Attica
O massacre na terra da liberdade
Por Vitor Velloso
Indicado ao Oscar 2022 na categoria de melhor documentário, “Attica” dirigido por Stanley Nelson e Traci A. Curry, cumpre o importante papel de retratar os acontecimentos da maior rebelião em uma prisão norte-americana, ocorrida em 1971, entrevistando ex-detentos, pessoas que participaram das negociações e figuras mediadoras.
Apesar da importante temática, o filme se estrutura nas entrevistas e no escasso material de arquivo, tentando reconstruir o contexto para que o espectador possa compreender os acontecimentos que levaram ao massacre de 29 detentos e 10 reféns mortos pela ação policial. “Attica” trabalha com os depoimentos na intenção de remontar a ambientação e a efervescência da rebelião, adicionando ao projeto uma nova perspectiva que as imagens não são capazes de dimensionar. O grande problema do documentário é que sua falta de contextualização política e ideológica do momento, faz com que o evento, isolado historicamente pela mídia, fique ainda mais recluso, já que não temos acesso às ações da grande imprensa quanto ao caso, nem mesmo depoimentos da população sobre a rebelião. Ou seja, nem mesmo a opinião pública, constantemente manufaturada pelas grandes corporações, são introduzidas em uma obra que dedica parte de sua projeção para mostrar que o problema é de ordem estrutural, não um caso isolado, e que o massacre era explicitamente racista. Portanto, quando vemos um dos policiais gritar “Poder branco!”, próximo ao fim da projeção, a película sugere que tais atitudes estejam presentes nas instituições do Estado, mas não imbricadas na sociedade.
Tal interpretação fica a cargo de alguns entrevistados que comentam sobre a presença total de guardas brancos em uma cadeia majoritariamente ocupada por negros, sendo conhecida como “A última parada”, por ter reputação violenta e de péssimas condições. Dessa forma, “Attica” é um filme que possui um ritmo acelerado para dar conta de determinados fatos, mas não desenvolve uma base capaz de provocar discussões para além de uma superficialidade imediata. O recente documentário “A 13ª emenda”, de Ava DuVernay é um bom complemento para o espectador que pretende seguir com as discussões propostas no longa de 2022.
A montagem acelerada procura dinamizar o ritmo dos depoimentos, mas acaba fragmentando os discursos e transforma a obra em algo corrido, desorganizado e que acaba descontextualizando certas imagens. Por exemplo, há a repetição de determinadas tomadas, inseridas em diferentes falas dos entrevistados, ou seja, uma tentativa de ressignificar as ações vistas no material de arquivo para o novo contexto descrito. Ainda que a ideia seja particularmente antiga, podendo ser bem utilizada em outras circunstâncias, retira poder dessa “reconstrução” feita em duas frentes distintas: a oralidade e materialidade.

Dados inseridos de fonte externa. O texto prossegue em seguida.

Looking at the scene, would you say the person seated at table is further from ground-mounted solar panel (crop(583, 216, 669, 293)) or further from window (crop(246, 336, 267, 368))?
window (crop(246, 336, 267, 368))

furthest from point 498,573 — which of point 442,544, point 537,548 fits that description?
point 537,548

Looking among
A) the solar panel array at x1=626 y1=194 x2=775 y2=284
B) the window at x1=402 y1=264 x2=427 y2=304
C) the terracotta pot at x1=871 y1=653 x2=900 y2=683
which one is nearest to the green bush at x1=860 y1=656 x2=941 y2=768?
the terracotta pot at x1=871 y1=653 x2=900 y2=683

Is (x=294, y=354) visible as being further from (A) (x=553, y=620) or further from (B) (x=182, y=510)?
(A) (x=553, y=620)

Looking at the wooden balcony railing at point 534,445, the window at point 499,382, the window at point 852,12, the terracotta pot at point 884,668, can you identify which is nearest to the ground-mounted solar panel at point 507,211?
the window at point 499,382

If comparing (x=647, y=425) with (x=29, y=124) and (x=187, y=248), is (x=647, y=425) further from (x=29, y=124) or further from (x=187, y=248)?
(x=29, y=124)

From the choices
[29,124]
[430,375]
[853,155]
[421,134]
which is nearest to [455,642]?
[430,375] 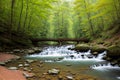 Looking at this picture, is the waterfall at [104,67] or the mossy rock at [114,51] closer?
the waterfall at [104,67]

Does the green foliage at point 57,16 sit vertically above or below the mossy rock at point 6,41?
above

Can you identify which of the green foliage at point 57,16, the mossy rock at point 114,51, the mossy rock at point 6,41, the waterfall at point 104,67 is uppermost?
the green foliage at point 57,16

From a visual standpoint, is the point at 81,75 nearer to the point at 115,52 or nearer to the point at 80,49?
the point at 115,52

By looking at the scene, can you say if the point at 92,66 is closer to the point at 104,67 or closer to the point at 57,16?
the point at 104,67

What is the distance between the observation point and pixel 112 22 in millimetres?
27766

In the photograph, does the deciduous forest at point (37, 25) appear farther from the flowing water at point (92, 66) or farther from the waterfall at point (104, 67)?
the flowing water at point (92, 66)

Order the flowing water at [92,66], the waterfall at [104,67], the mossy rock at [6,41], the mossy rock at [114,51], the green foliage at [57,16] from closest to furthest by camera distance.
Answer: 1. the flowing water at [92,66]
2. the waterfall at [104,67]
3. the mossy rock at [114,51]
4. the mossy rock at [6,41]
5. the green foliage at [57,16]

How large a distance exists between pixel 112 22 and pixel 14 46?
1439 cm

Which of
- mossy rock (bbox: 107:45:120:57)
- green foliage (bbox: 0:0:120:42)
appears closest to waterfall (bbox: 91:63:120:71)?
mossy rock (bbox: 107:45:120:57)

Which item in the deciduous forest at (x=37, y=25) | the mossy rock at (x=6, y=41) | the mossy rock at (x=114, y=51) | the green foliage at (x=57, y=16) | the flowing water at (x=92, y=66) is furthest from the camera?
the green foliage at (x=57, y=16)

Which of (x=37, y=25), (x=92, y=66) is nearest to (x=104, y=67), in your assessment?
(x=92, y=66)

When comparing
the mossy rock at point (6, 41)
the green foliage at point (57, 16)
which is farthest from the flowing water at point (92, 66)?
the green foliage at point (57, 16)

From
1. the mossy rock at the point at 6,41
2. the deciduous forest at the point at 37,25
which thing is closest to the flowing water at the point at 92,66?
the deciduous forest at the point at 37,25

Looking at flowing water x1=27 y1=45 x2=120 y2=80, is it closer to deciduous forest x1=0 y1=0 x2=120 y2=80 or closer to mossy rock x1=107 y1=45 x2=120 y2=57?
deciduous forest x1=0 y1=0 x2=120 y2=80
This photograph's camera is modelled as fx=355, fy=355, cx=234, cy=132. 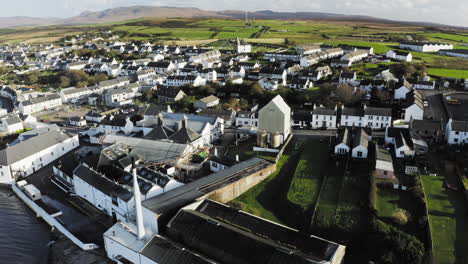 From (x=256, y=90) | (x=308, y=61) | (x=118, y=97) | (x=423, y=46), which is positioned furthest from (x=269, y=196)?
(x=423, y=46)

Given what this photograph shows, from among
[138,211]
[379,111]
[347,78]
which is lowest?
[138,211]

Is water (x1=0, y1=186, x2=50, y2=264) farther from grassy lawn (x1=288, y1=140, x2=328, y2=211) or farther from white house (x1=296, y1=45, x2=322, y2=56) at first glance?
white house (x1=296, y1=45, x2=322, y2=56)

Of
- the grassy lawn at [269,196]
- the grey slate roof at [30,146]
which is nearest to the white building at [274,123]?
the grassy lawn at [269,196]

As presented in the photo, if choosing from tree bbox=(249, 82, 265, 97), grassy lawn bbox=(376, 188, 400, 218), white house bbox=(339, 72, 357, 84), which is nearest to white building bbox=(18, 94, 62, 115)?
tree bbox=(249, 82, 265, 97)

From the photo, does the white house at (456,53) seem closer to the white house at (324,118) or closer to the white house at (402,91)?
the white house at (402,91)

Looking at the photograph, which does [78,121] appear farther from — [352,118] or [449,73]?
[449,73] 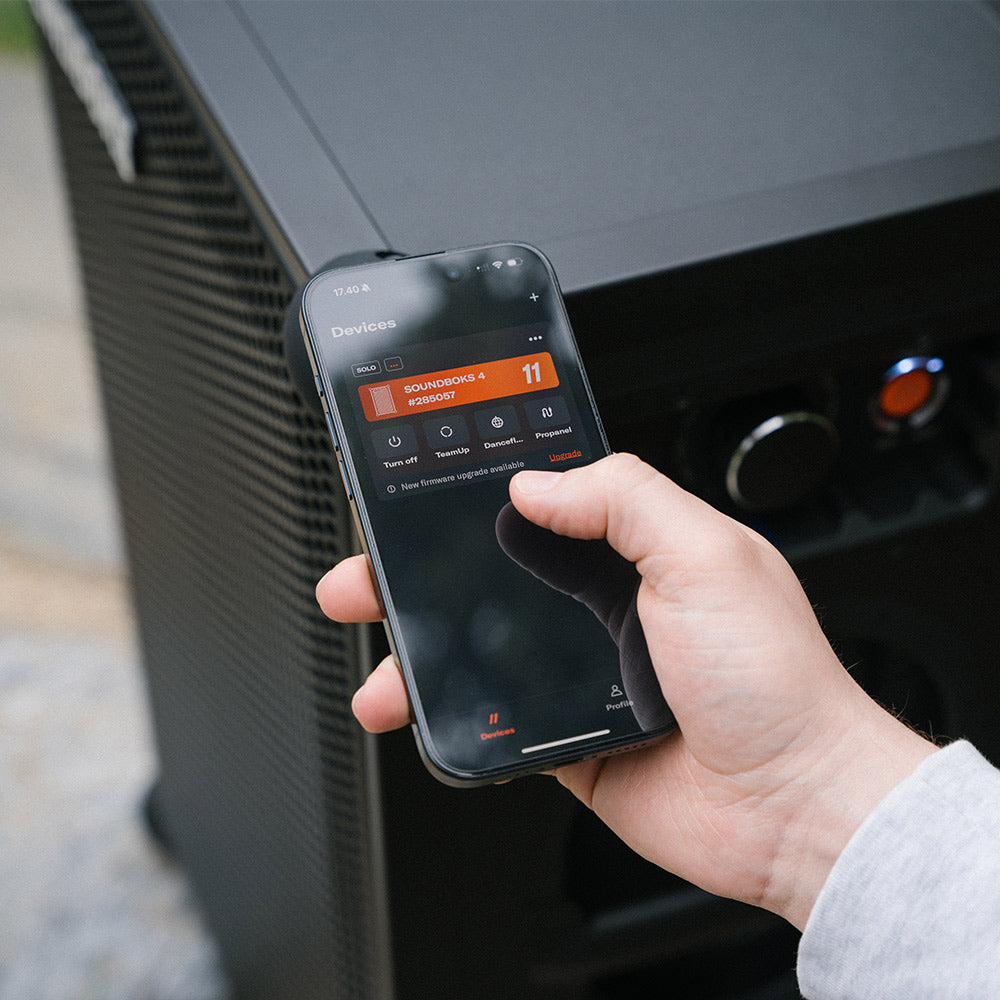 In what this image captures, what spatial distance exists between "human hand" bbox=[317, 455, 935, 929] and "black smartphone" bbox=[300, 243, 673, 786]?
0.02 m

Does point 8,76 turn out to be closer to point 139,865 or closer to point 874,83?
point 139,865

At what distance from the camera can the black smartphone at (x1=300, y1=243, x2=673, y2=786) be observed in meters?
0.41

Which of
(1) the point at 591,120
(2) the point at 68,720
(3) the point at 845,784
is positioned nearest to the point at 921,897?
(3) the point at 845,784

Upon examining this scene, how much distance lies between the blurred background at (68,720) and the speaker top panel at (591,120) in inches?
16.0

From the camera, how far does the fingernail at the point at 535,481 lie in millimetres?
410

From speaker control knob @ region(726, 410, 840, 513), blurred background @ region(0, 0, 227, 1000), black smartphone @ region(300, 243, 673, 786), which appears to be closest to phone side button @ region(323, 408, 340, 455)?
black smartphone @ region(300, 243, 673, 786)

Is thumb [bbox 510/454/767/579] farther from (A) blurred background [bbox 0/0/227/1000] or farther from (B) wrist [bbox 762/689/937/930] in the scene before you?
(A) blurred background [bbox 0/0/227/1000]

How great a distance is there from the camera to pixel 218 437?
0.56m

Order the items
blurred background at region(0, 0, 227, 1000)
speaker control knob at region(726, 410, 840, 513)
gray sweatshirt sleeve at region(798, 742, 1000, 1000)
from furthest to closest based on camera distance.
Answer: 1. blurred background at region(0, 0, 227, 1000)
2. speaker control knob at region(726, 410, 840, 513)
3. gray sweatshirt sleeve at region(798, 742, 1000, 1000)

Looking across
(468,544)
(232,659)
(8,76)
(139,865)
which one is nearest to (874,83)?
(468,544)

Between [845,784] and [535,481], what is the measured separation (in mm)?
149

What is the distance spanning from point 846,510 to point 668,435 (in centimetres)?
10

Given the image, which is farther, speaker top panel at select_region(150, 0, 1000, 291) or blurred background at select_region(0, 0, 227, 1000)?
blurred background at select_region(0, 0, 227, 1000)

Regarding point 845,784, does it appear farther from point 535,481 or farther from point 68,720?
point 68,720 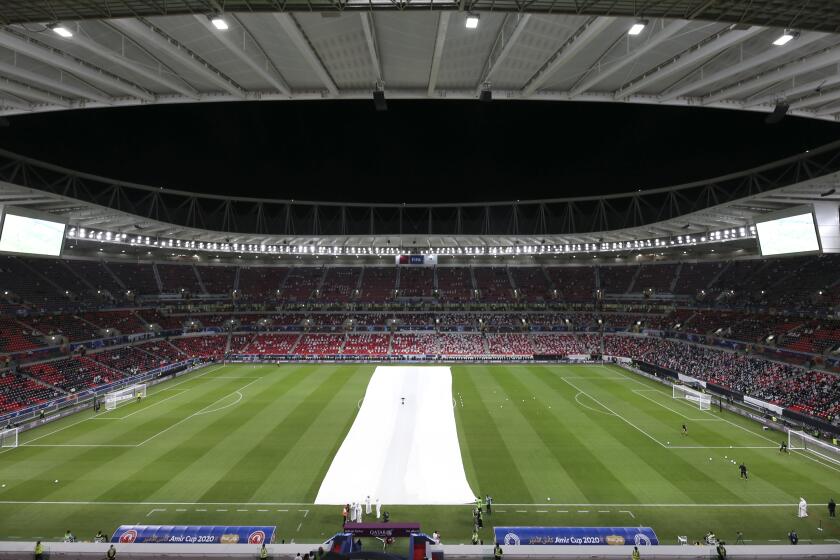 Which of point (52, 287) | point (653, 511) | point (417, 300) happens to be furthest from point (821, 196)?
point (52, 287)

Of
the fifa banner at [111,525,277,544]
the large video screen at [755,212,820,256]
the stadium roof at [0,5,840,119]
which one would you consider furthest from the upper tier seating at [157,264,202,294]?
the large video screen at [755,212,820,256]

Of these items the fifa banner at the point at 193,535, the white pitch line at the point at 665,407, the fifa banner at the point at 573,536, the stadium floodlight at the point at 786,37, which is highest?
the stadium floodlight at the point at 786,37

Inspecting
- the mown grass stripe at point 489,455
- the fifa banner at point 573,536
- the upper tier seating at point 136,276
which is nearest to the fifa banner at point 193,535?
the fifa banner at point 573,536

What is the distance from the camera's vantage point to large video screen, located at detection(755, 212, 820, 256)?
24.0 m

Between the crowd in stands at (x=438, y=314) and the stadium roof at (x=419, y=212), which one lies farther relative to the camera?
the crowd in stands at (x=438, y=314)

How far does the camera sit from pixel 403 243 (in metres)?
60.3

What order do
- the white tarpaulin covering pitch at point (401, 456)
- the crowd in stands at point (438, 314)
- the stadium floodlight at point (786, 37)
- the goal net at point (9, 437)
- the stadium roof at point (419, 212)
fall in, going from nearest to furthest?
1. the stadium floodlight at point (786, 37)
2. the white tarpaulin covering pitch at point (401, 456)
3. the goal net at point (9, 437)
4. the stadium roof at point (419, 212)
5. the crowd in stands at point (438, 314)

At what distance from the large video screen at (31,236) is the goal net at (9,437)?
11.4 metres

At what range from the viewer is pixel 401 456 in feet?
78.2

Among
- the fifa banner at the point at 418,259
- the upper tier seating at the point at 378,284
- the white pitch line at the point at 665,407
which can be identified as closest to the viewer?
the white pitch line at the point at 665,407

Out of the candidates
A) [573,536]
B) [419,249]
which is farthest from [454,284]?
[573,536]

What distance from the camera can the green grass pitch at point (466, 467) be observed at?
1761cm

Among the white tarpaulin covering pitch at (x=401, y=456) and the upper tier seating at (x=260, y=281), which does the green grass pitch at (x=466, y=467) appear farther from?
the upper tier seating at (x=260, y=281)

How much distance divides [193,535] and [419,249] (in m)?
52.0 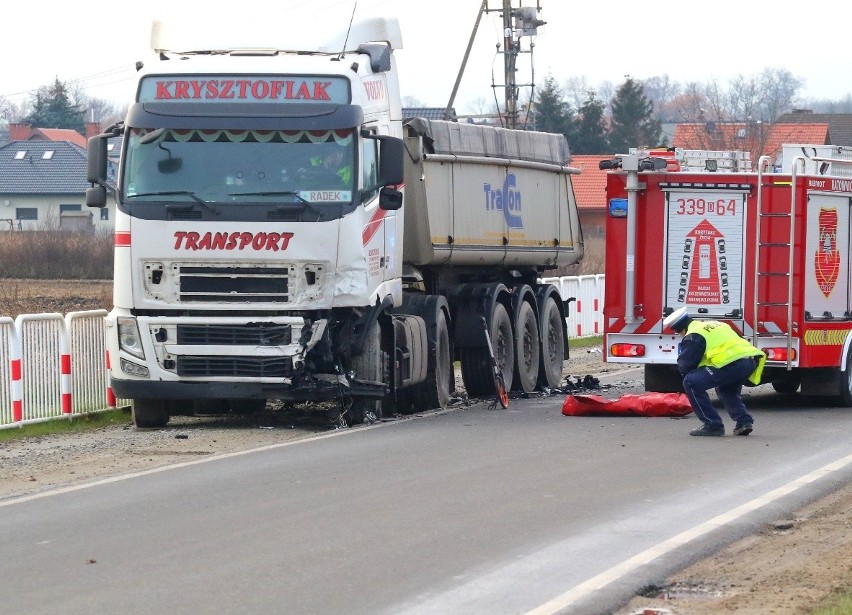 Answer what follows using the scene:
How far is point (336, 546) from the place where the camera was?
8297mm

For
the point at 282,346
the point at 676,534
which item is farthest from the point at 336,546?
the point at 282,346

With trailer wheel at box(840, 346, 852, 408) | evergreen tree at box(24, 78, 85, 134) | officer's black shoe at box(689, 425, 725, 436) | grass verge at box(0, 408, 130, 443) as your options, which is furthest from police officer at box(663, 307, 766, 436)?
evergreen tree at box(24, 78, 85, 134)

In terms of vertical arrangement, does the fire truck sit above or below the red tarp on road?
above

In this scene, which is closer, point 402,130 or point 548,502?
point 548,502

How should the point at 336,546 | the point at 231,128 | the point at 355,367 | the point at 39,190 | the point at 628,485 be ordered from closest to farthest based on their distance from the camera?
the point at 336,546
the point at 628,485
the point at 231,128
the point at 355,367
the point at 39,190

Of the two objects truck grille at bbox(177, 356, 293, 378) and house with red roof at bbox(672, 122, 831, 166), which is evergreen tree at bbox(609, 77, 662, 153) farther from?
truck grille at bbox(177, 356, 293, 378)

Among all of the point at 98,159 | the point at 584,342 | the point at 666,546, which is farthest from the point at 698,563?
the point at 584,342

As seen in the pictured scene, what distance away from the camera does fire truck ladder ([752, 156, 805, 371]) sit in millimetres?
16828

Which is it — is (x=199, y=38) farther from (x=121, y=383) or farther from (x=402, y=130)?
(x=121, y=383)

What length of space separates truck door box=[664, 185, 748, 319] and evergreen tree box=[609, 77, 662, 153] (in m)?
66.6

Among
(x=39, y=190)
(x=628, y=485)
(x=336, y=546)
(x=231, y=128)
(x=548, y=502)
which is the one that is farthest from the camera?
(x=39, y=190)

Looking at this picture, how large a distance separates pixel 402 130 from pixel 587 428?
4.19 meters

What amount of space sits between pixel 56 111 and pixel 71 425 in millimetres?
95909

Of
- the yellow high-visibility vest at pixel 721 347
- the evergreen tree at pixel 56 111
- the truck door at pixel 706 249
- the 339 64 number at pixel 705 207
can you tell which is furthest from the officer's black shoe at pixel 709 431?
the evergreen tree at pixel 56 111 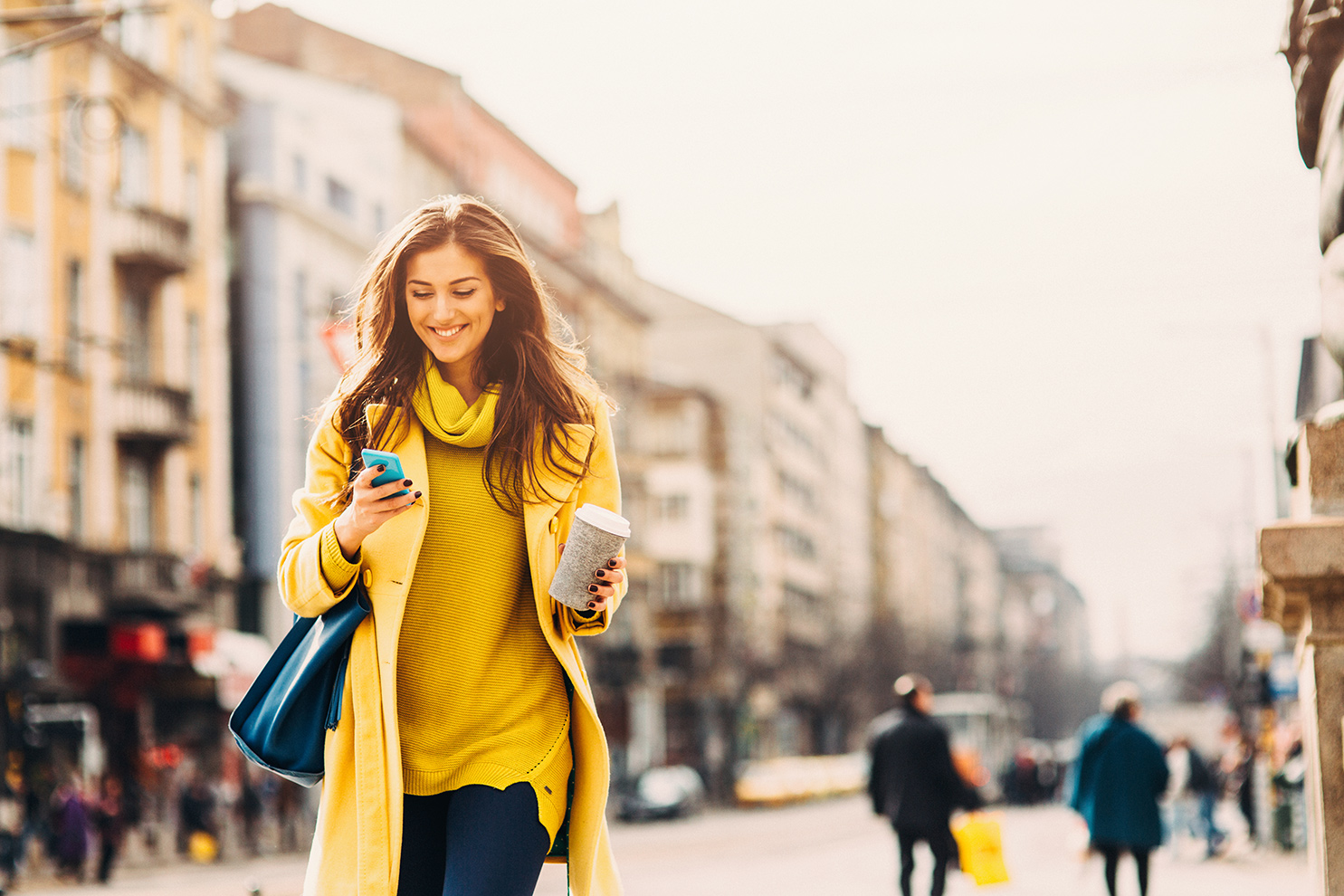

Não por acaso, existem alguns recursos dramáticos que estão ali para provocar uma imersão, como o som da sirene na prisão, tiros e gritos, que são inseridos por cima da montagem.
Esses artifícios apenas reforçam que “Attica” se articula de maneira muito frágil diante de um tema tão complexo e com explícitas representações das falhas institucionais e sociais da “terra da liberdade”. A própria intenção de tornar o sofrimento ainda mais familiar, trazendo os filhos de reféns assassinados pela polícia, possuem a intenção de provocar uma reação imediata no espectador, como um produto televisivo. Essa característica se mantém durante as quase duas horas de projeção, demonstrando que a indicação ao Oscar se deve pela temática, não pela forma com que a mesma é representada na tela.
De toda forma, a indicação ao prêmio pode ser compreendida pela importância da temática, e uma forma de mediar a transição política vivida pelos EUA nos últimos anos. Para o espectador brasileiro, Carandiru seguirá como um fantasma na memória, mas com todos os traços do subdesenvolvimento que não passam no filtro da Academia, a indicação foi a conciliação. Em parte, “Attica” tem poucas chances de levar a estatueta, mas seu papel denunciatório é cumprido, com a diluição necessária para ser lembrado pelos tubarões de Hollywood.
Por fim, a própria questão Nixon x Rockefeller é reduzida à negligência dos detentores do poder, e apenas. Stanley Nelson já teve dias melhores.